🤖 AI Summary
This work addresses the high complexity, reliance on expert knowledge, and limited scalability of robot reinforcement learning (RL) in sim-to-real transfer. The authors propose the first end-to-end automated framework that formulates RL engineering as a “harness-engineering” problem. By leveraging a multi-agent collaborative architecture, the entire pipeline is decomposed into structured phases, integrating standardized instruction interfaces, a reusable knowledge base, persistent artifacts, and cross-iteration experience transfer mechanisms to jointly automate simulation environment construction, reward function generation, and hyperparameter optimization.

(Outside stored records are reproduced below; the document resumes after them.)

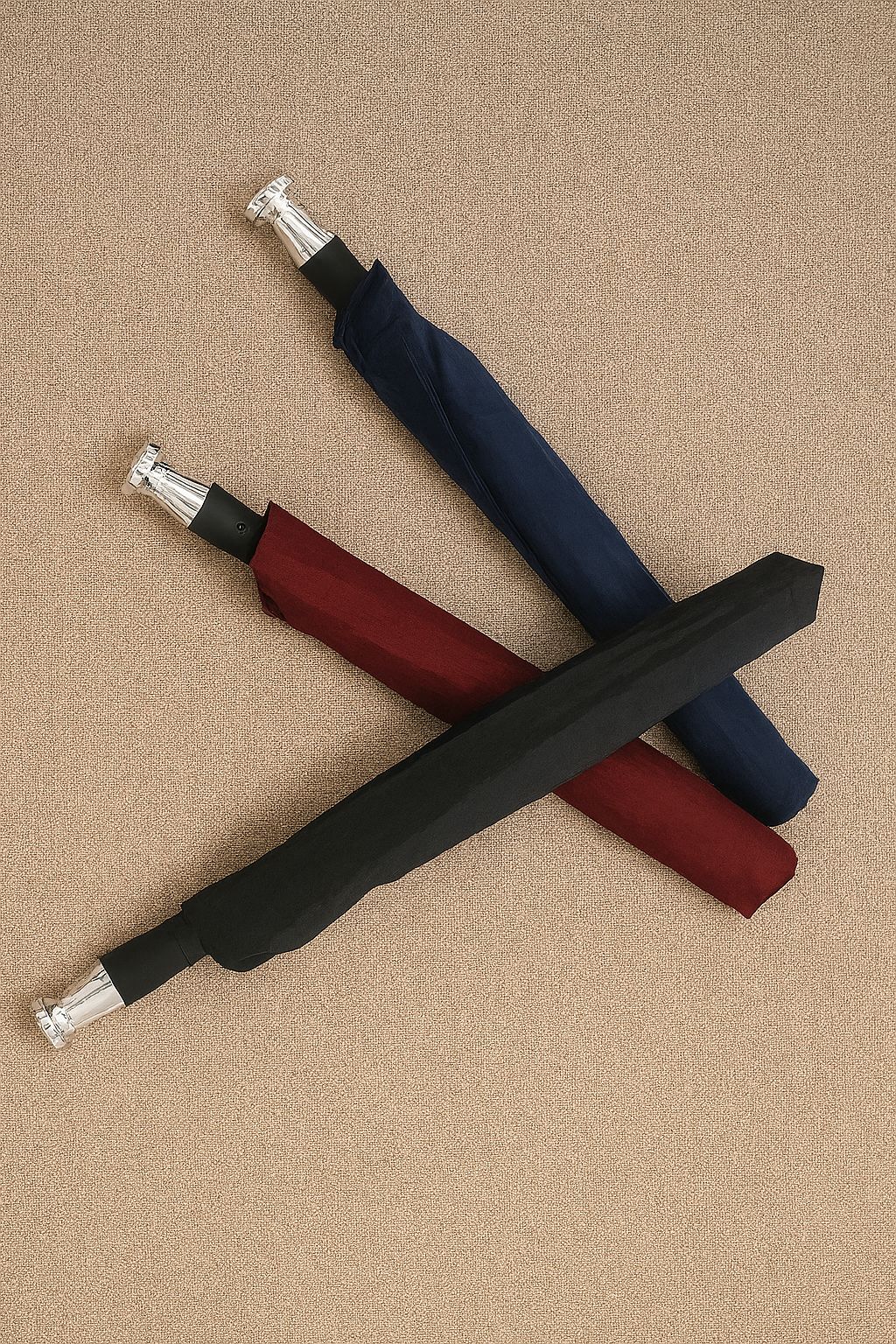 Elegant Windproof Umbrella with Metallic Look Handle – Classic Colors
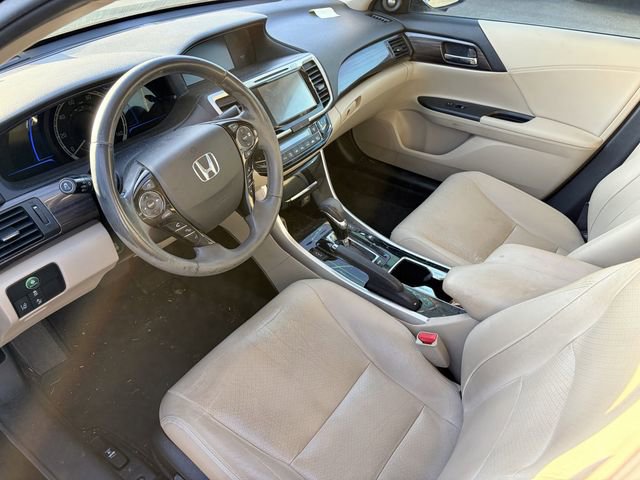 Used 2017 Honda Accord EX-L image 7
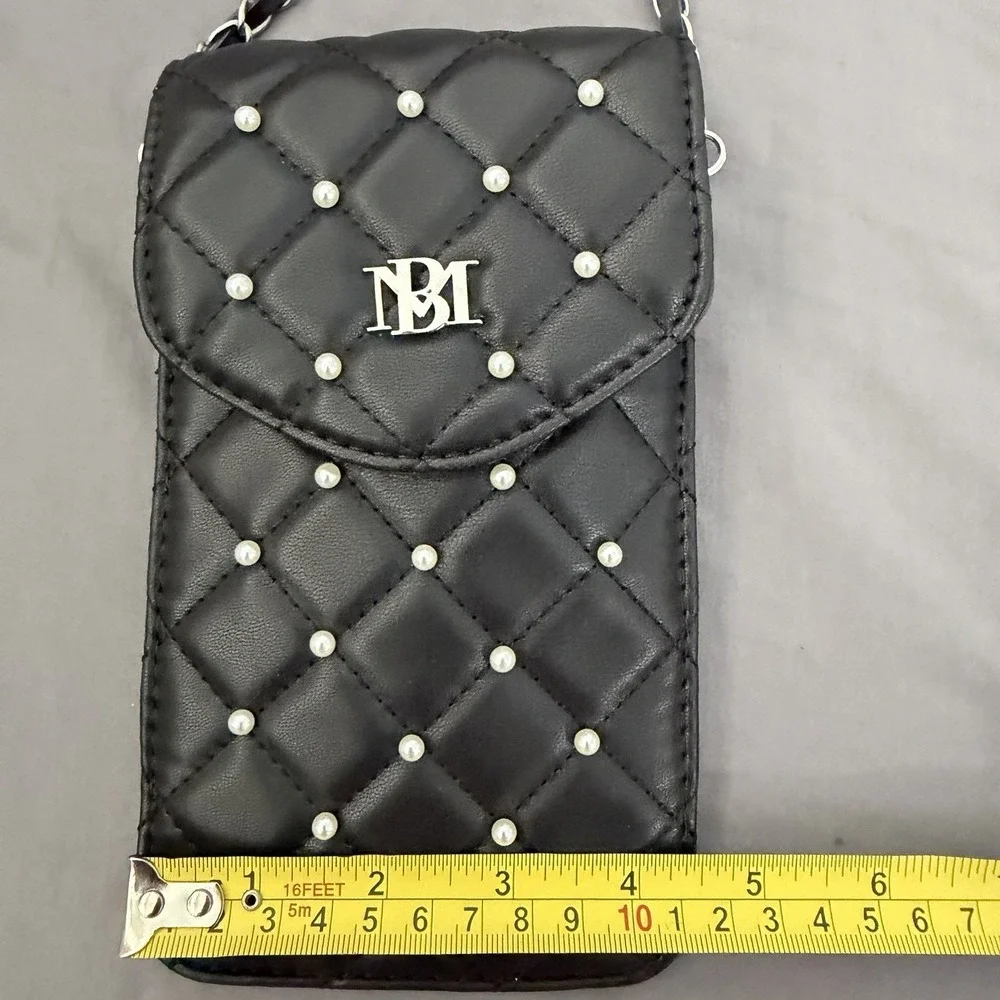 NWT Badgley Mischka Diamond Quilted Studded Pearls Crossbody Black Phone Case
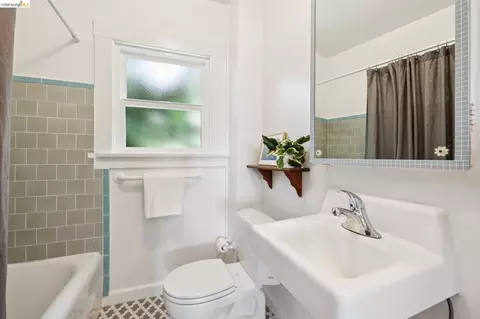 Bath - 178 Ardmore Rd, Kensington, CA 94707 photo 3 of 3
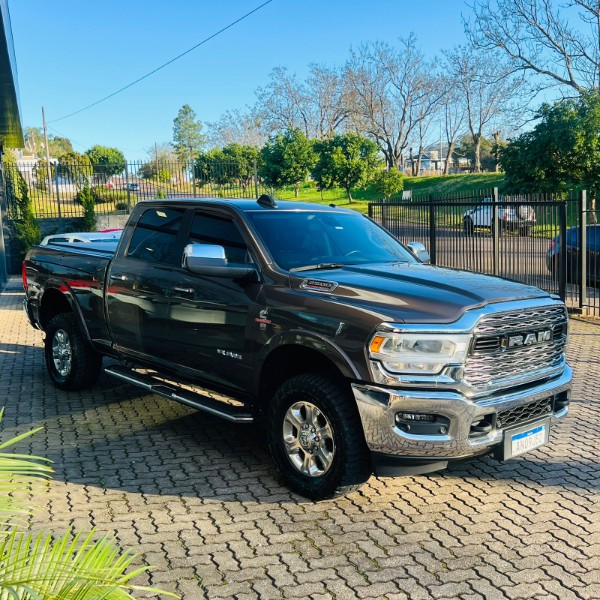 DODGE RAM 2500 LARAMIE 6.7 4X4 2020/2020 JOÃO CARROS MULTIMARCAS GUAPORÉ / Carros no Vale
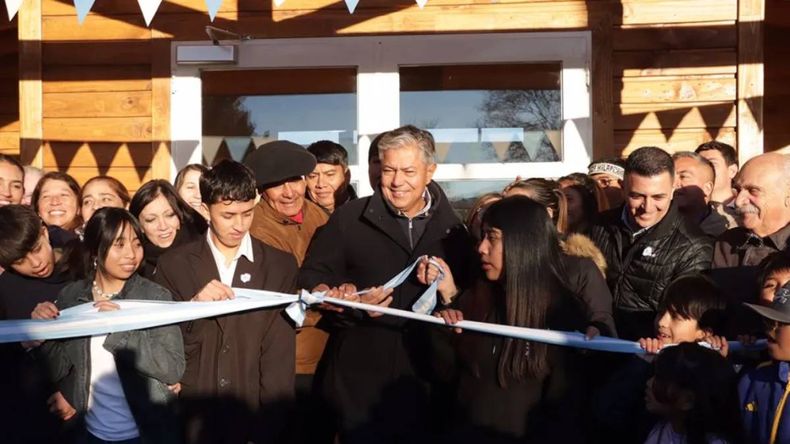 Chau a los trailers del CPEM 109: Figueroa inauguró la nueva escuela para Chorriaca | LM Neuquen Chau a los trailers del CPEM 109: Figueroa inauguró la nueva escuela para Chorriaca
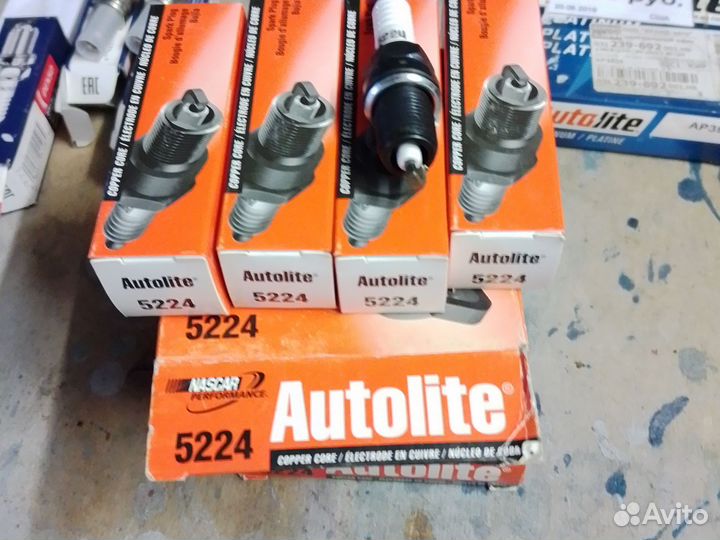 Свеча зажигания Autolite 5224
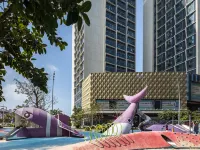 Floral Hotel·Haikou Cloud Haiyi Seascape Hotel (Wanluyuan Haikou Bay Store) Hotels near Jiari Beach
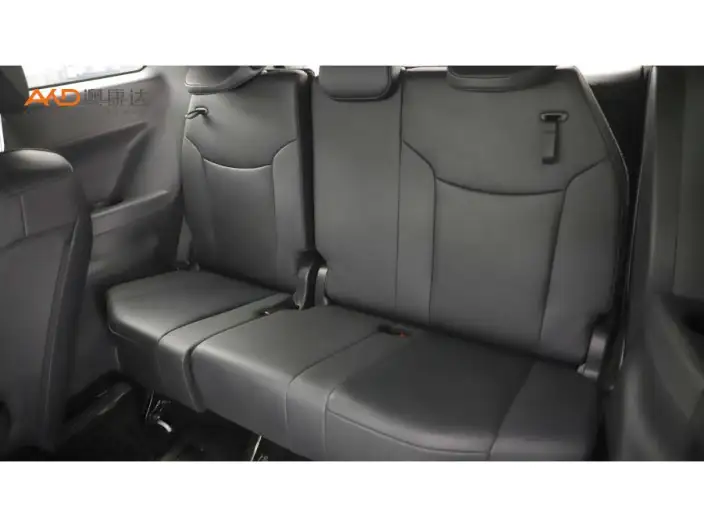 Granvia 2022 Model 2.5L Hybrid Ultimate Edition – фото 10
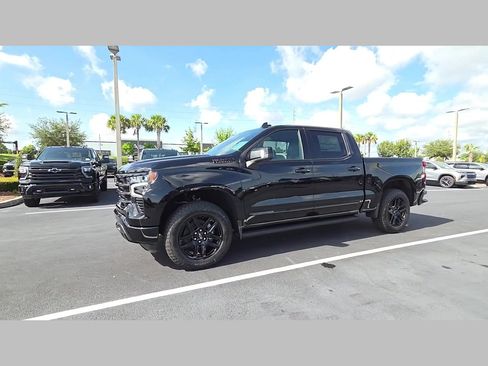 New 2026 Chevrolet Silverado 1500 High Country w/ Midnight Edition AWD/4WD image 22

Evaluated across six benchmarks and 16 tasks—including manipulation, locomotion, and bimanual dexterous control—the automatically generated policies match or exceed manually engineered counterparts and are successfully deployed on real robots, substantially reducing engineering overhead.
📝 Abstract
Reinforcement learning (RL) has become a powerful paradigm for robot learning, particularly in sim-to-real settings, but its broader adoption remains limited by the engineering pipeline surrounding the algorithms. Building tasks, shaping rewards, and tuning hyperparameters require substantial expert effort, making RL workflows costly and difficult to scale. We introduce HARBOR, an agentic framework that frames robot RL automation as a harness-engineering problem: given a simulator codebase and a task specification, it automates the workflow from environment setup to policy training in simulation. HARBOR decomposes such high-level objectives into bounded stages executed by specialized agents through standardized commands, persistent artifacts, executable gates, and reusable knowledge, and scales iteration via decentralized parallel trials and experience learning across runs. We evaluate HARBOR across 6 benchmarks and 16 tasks in total, spanning manipulation, locomotion, and bimanual dexterous control. We demonstrate that HARBOR automates the simulation RL workflow end-to-end, designs rewards, tunes algorithms to match or improve over default configurations, and reduces engineering effort at practical token and wall-clock cost; the resulting policies can also be transferred to real robots.